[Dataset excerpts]
================================

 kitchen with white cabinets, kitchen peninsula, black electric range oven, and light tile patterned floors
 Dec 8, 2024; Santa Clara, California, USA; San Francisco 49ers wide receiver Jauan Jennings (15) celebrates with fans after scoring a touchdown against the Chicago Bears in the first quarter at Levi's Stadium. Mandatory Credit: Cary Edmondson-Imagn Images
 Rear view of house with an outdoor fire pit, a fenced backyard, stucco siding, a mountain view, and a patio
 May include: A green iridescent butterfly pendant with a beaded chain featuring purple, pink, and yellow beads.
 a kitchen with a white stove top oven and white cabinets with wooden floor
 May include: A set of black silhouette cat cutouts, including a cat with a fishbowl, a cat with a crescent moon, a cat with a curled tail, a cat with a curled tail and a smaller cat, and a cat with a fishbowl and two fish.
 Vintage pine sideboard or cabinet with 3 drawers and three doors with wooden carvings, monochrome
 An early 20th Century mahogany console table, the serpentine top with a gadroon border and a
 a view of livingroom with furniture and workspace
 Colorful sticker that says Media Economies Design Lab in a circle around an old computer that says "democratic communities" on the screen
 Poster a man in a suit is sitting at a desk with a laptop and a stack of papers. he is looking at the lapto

================================

[AIM OF THE EXERCISE]
From the records above, print exactly the lines that run from the line with "May include: A green" to the line with "a kitchen with", inclusive.

[RESULT OF THE EXERCISE]
 May include: A green iridescent butterfly pendant with a beaded chain featuring purple, pink, and yellow beads.
 a kitchen with a white stove top oven and white cabinets with wooden floor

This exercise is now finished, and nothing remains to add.